Beth, you KNOW this is my life’s & spiritual journey’s motto: Surrender Brings Freedom! It’s one of the many ironies of God! I have too many instances to share and they would take up 12 of your lovely pages. Suffice to say I’ve learned through surrender – which is just about the most difficult thing to ask of a long-term control freak and He knows it – that there is truly freedom on the other side. Relinquishing my unborn daughter to God’s care during a frightening bout with miscarriage, his gentle invitation to “let her go” in a clearly Abraham/Isaac sort of way, let go the grip my dream of a daughter had on my heart, let go my need for this and trust his ways which are higher than mine. It felt like something was ripping from my heart but I said “Yes. She is yours, she is not ours, you do with her as you see best, whether that means you take her now or leave her to our care, she is yours….” I don’t know why he chose to halt the miscarriage that same day, if it was a test, but it was a deep lesson learned in trusting him and not clinging to something harder than I cling to him. Surrender means the freedom to find my source in him, an endless, generous source I will not find anywhere else. And that at times takes continual surrender, laying down my way, my dream, my strength, my striving, my perceived need and trusting he has better. And he always has. Always. This is freedom.

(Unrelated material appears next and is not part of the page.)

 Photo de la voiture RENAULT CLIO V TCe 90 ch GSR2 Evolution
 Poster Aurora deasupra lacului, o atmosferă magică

I used to think surrender was a bad word because I work hard and try to solve problems and meet my own needs. However, those times when I’ve done all, realize I fall short, and He steps in and answers better than I ever could have been some of the most precious times in my life–hopefully teaching me to look to Him and surrender sooner and enjoy the benefits.
This post makes me think of what a friend said after she interrupted my anxious babbling, “You don’t have to try so hard.” I bawled. And what another said when we went to dinner, “Figure it out is not a commandment.” I laughed at that one. I appreciate yet another reminder of both. Thanks, Beth.